The second category consists of extracting meaningful features from the time series, transforming the time series into a feature vector and then classification is done by using traditional machine learning classifiers. The choice of appropriate features plays an important role in this approach. A number of techniques has been proposed for feature subset selection by using compact representation of high dimensional time series into one row to facilitate the application of traditional feature selection algorithms like recursive feature elimination (RFE), zero norm optimization and so forth [10,11]. Time series shapelets, characteristic subsequences of the original series, are recently proposed as the features for time series classification [12]. Another group of techniques extract features from the original time series by using various transformation techniques like Fourier, Wavelet, and so forth. In Reference [13], a family of techniques has been introduced to perform unsupervised feature selection on time series data based on common principal component analysis (CPCA), a generalization of PCA for multivariate data items where all the data items have the same number of dimensions. Any distance metric is used for classification of the feature-based representation of the time series data.

The third category of approaches is based on developing efficient distance functions to measure the similarity between two raw time series and a good traditional classifier for clustering or classification. Similarity or dissimilarity measures are the most important component of this approach. Euclidean distance is the most widely used measure with a nearest neighbour classifier for time series classification. Although computationally simple, it requires two series to be of equal length and is sensitive to time distortion. Elastic similarity measures such as Dynamic Time Warping (DTW) [14] and its variants overcome the above problems and seem to be the most successful similarity measure for time series classification in spite of high computational cost. The combination of DTW and k-nearest neighbour classifiers is known to be a very efficient approach and was considered to be the best one until a few years ago. A comparative study of different distance measures can be found in Reference [15].

Recently, ensemble-based approaches have been developed in which different classifiers are combined to achieve a higher degree of accuracy. Different ensemble paradigms integrate various feature sets or classifiers. Elastic Ensemble (PROP) [16] combines 11 classifiers based on elastic distance measures with a weighted ensemble scheme. Collective of Transformation ensembles (COTE) [17], is another ensemble of 35 different classifiers based on different feature subsets from time and frequency domains. Hierarchical Vote Collective of Transformation-based Ensembles (HIVE-COTE) [18] is an extended version of COTE. However, the computational times for ensemble classifiers are quite high compared to a single classifier, even with the increased use of high performance computers. A good comparative evaluation of recent time series classification algorithms can be found in Reference [19].

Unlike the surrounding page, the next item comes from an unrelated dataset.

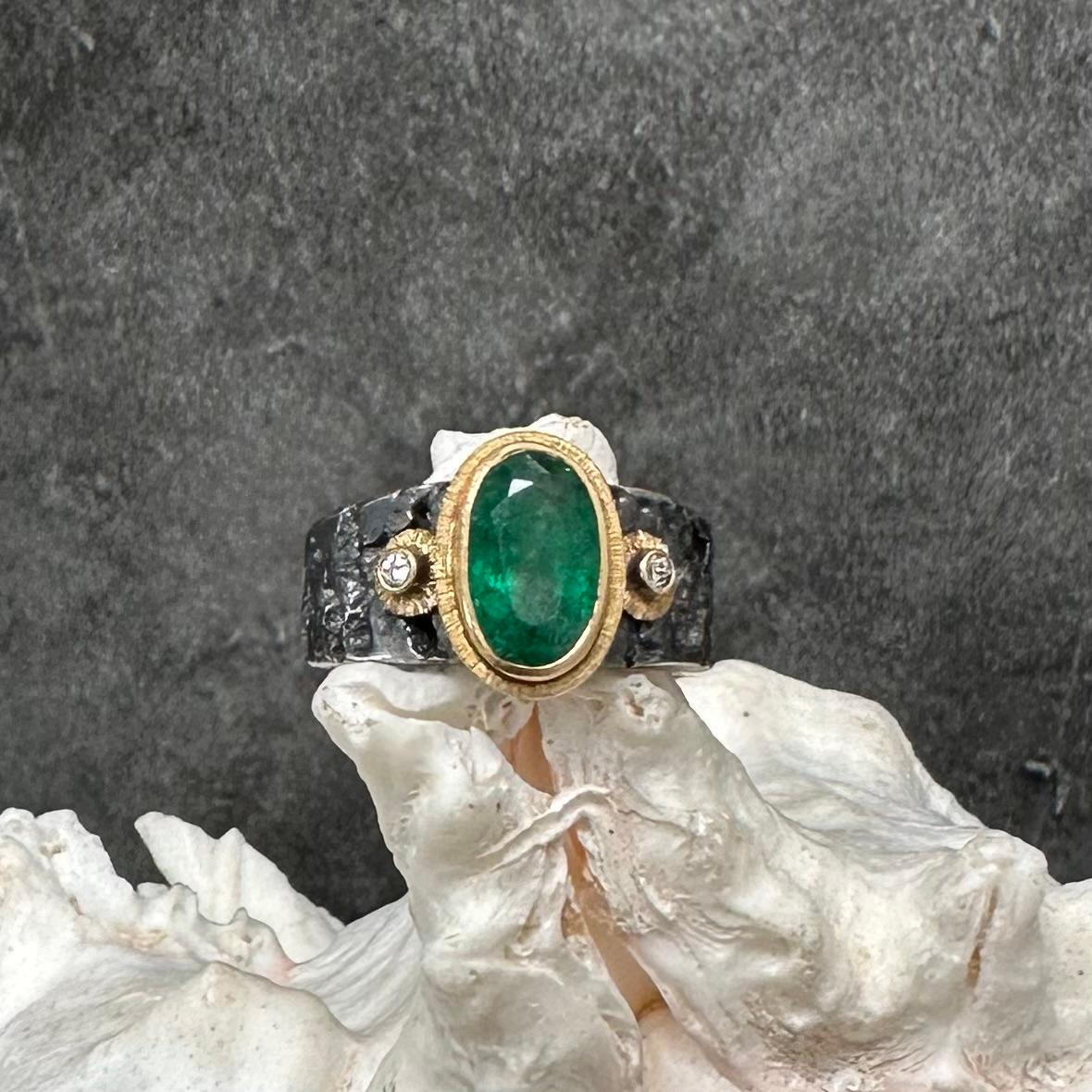 Steven Battelle 2.4 Carats Emerald Diamond Oxidized Silver 18K Gold Ring For Sale 11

Due to increased interest in GPU-based computing, deep learning models are also becoming popular and have been successfully applied in the time series classification problem. A good review of the most successful applications of deep neural netwoks (DNN) can be found in Fawaz et al. [20]. Deep learning approaches for TSC can be grouped into two categories generative and discriminative models. Among various DNN models developed for different tasks, Convolutional Neural Network (CNN) is the most widely applied architecture for TSC problems, probably due to their robustness and lesser training time compared to other complex architectures. A review of CNN models can be found in Reference [21]. Two baseline CNN models are used in Reference [22], one is a fully convolutional neural network (FCN) and the other is residual network (ResNet). CNN and ResNet are known to be the most successful and effective among deep neural networks (DNN) so far according to Reference [20]. Recurrent Neural Networks such as LSTM (Long Short Term Memory) have also been used for human activity recognition from various one dimensional time series data from different sensors or for classifying stocks [23].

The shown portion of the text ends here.